- Jetta A. Norris, from a 1946 issue of The Crisis
- Born: Jetta Ann Norris February 24, 1926 Philadelphia, Pennsylvania
- Died: April 9, 2021 (aged 95) Los Angeles, California
- Occupation(s): Lawyer, city official

= Jetta Jones =

American lawyer (1926–2021)

Jetta Ann Norris Jones (February 24, 1926 – April 9, 2021) was an American lawyer, city official, and philanthropist based in Chicago. She was the first Black woman trustee at the Art Institute of Chicago, and served on the boards of the NAACP Legal Defense Fund and the National Urban League.

== Early life ==
Jetta Anne Norris was born in Philadelphia, the daughter of lawyer and newspaperman J. Austin Norris and Marie Mitchell Norris. She attended Northfield Mount Hermon Academy, graduated from Mount Holyoke College in 1947, and completed a law degree at Yale Law School.

== Career ==
During law school and while she was serving a clerkship with Judge Herbert E. Millen, Norris also worked in the Philadelphia office of the Pittsburgh Courier, a prominent Black newspaper. She interviewed a lynching victim's mother for the paper in 1947. In 1948, she was elected vice-president of the Young Democratic Clubs of Pennsylvania.

Jones moved to Chicago with her husband in the late 1950s, where she worked as a lawyer in the firms of Claude Holman and Cyril Robinson. She was inducted into the Alpha Gamma Pi professional sorority in 1964. She was Mayor Harold Washington's Director of External Affairs in the 1980s, and worked for the City of Chicago as Chair of the Joint Human Relations Council. In 1991, she and her husband hosted a fundraiser for Virginia gubernatorial candidate Douglas Wilder in their Hyde Park home.

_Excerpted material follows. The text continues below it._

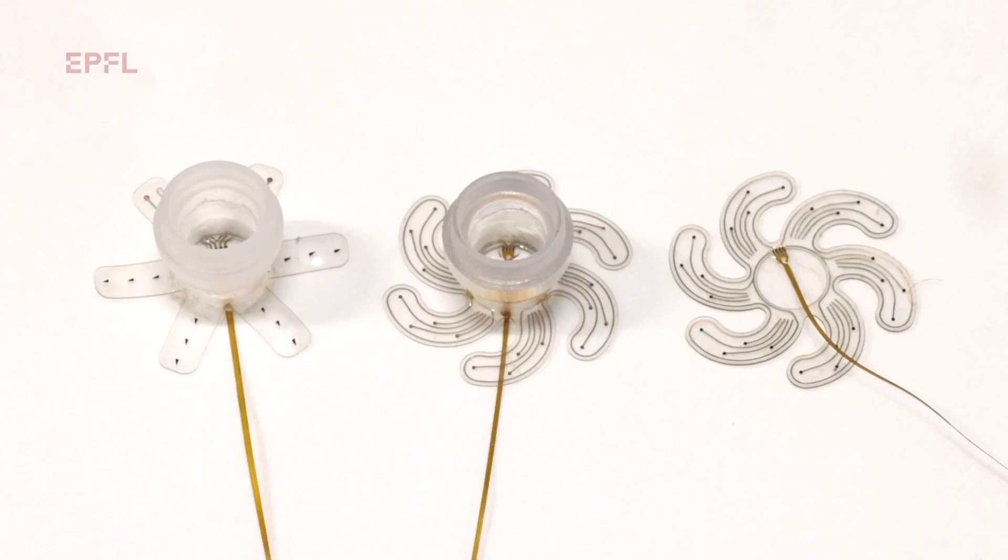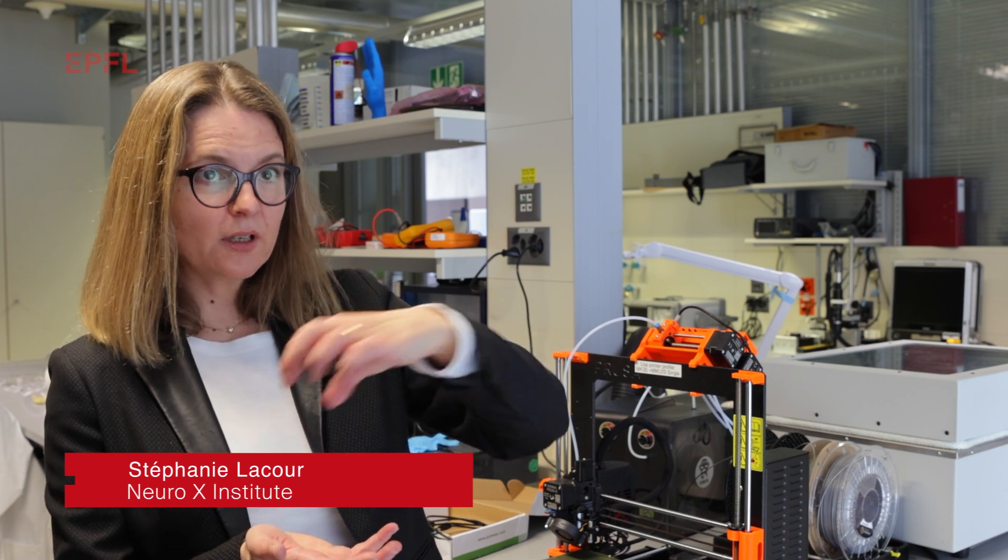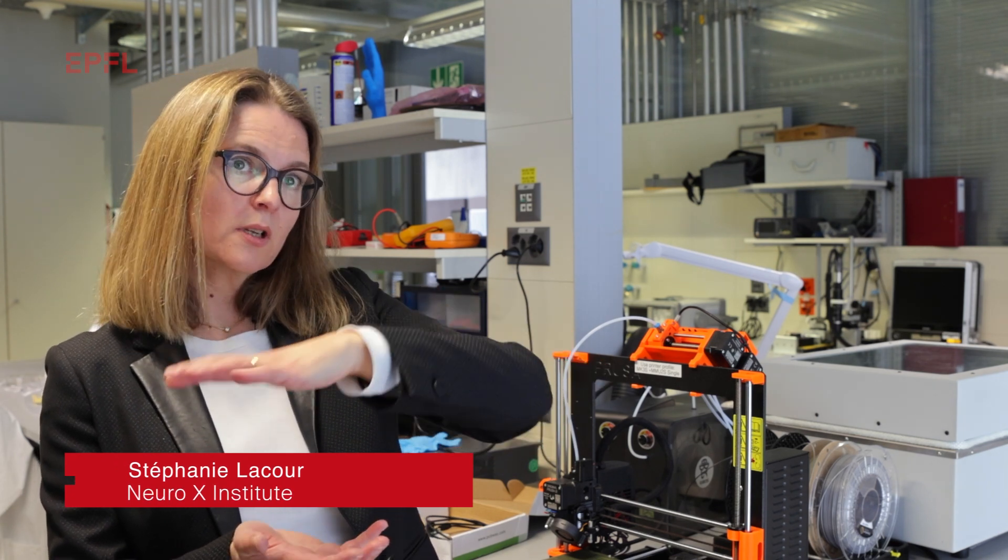Our very first prototype was really like a flower with straight legs, straight petals. When we made this device, we realized there was a lot of open space remaining at the surface of the brain. Therefore, we decided to engineer curvature into the arms of the flower, of the petal, so that we could have a larger surface coverage.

Jones was co-chair of the Legal Defense Fund of the NAACP, and served on the boards of the National Urban League, the Lincoln Park Zoological Society, the Mount Holyoke College Museum of Art. She was the first Black woman trustee of the Art Institute of Chicago. She was active on the Women's Boards at the University of Chicago and Northwestern University, and in The Girl Friends, Inc., a national Black women's organization. She was a founding member of the Women's Foundation of Chicago. Jones and her husband had a noted and eclectic art collection, and donated art to the Art Institute of Chicago, the Museum of Contemporary Art, Chicago State University, and other institutions.

== Personal life ==
Jetta Norris married obstetrician and gynecologist James E. Jones in 1953, the day after he graduated from medical school. They lived in England for two years in the 1950s, while he was in the United States Air Force. They had three children together. She was widowed when her husband died in 2006. She had dementia in her last years, and died in 2021, aged 95 years, in Los Angeles, California.